You have to share knowledge – then it will actually increase. But how to organize the sharing of knowledge? After all, knowledge is dynamic and always depends on the context. Context-dependent dynamics cannot easily be packed into a container. That is the problem you face with knowledge management.

Here are a few terms probably related to knowledge:

Education • Cultivation • Experience (of Life) • Enlightenment • Expertise • Practice

This is how I arrive at ideas such as craftsmanship. We discover the master and the apprentice. We understand the importance of handing your expertise on, showing someone how to do things, learning and practicing! And how these processes can be promoted through the four-eyes-principle and p2p reviews (peer-to-peer). Mind you, this is not only true for software development.

And new questions arise, as well:

Where to use knowledge? Who uses knowledge? Is it the “white-collar” workers? Can you really call them “brain workers”?

And:

How do people work in enterprises – which I call social systems with an economic goal?

How can you design such a system to be both successful and bearable?

Ideas such as self-organization and self-determining spring up. I believe that the knowledge and expertise of many can be merged in an ethical and dominance-free way, thus being formative for our future.

But in self-organized systems, there will also be roles or activities you can summarize as follows:

Decisions • Leadership • Communication • Management • Responsibility

So what exactly does that mean in such a system? Here is what I propose:

Decisions


Decisions are always accompanied by a certain degree of uncertainty and must have a significant consequence. Otherwise we are not talking a decision. A “good” decision maker can try to do more good than harm by trying to base his decisions on an ethically responsible balancing of values. But he cannot question the unpredictability of the future, neither can he try to burden others with it.

Leadership


Leadership means that you set the scene for all parties concerned in the environment you are responsible for so that their personal lives are more enhanced than reduced in many dimensions.
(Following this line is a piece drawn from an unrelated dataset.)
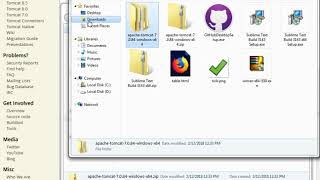 LICT android App  Bangla Tutorials  Create API Part 2 screenshot 4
For instance by creating a fear-free zone. And I mean full of the necessary respect you show towards the task of leadership.

Communicating

The requirement for good communication is that you are prepared to meet at eye-level and to listen. You also have to have empathy, think in an altero-centric way and have respect for others.

Management


Basically, it only means you have to treat change with responsibility. If an enterprise is in a state of stability, it will generally do very good business. Except: there comes a time when too much stability will mean death. On the other hand, constant change will be detrimental for the balance sheets. If you manage to give justice to both ends of the scale, then what you are doing is “management”.

Responsibility


The environment I accept responsibility for is where my decisions have an effect. Consequently, I must be aware what consequences my decisions will have. I cannot ignore them.
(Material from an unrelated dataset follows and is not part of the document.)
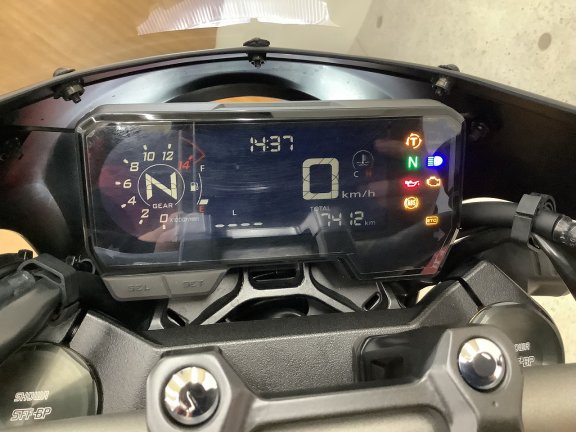 画像7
Persons who decide, lead, communicate, manage and take responsibility are persons I call entrepreneurs.

Entrepreneur

A good manager is a manager whose decisions are more often correct than wrong. Someone whose judgement is more often good than poor.

All of these ideas are contrary to what I officially learned. Consequently, I am now arriving at the
Classical Error:

Many people still believe you can plan the world. Their image of the world is mechanistic and Tayloristic. In this combination, they believe knowledge and dominant logics to guarantee success.

I no longer believe this. The era of a working world strongly based on the division of labour (tayloristic) with mechanized processes disregarding humans is on the decline. It was a very simplistic image of the world. To be sure, it brought us prosperity, but the price was far too high. In order to survive now, we must become AGILE.

RMD
(Translated by EG)

P.S.
At one time, we had a young lady as guest at InterFace. Daniela Blettner (she is now a university teacher) worked on her dissertational thesis for HSG (Hochschule St. Gallen). Her topic was “Dominant Logics During Enterprise Foundation”. And the results were surprising. All the very successful enterprises she examined had been free of “dominant logics” during their founding process. What is worse: some of them almost failed due to “dominant logic strategies”.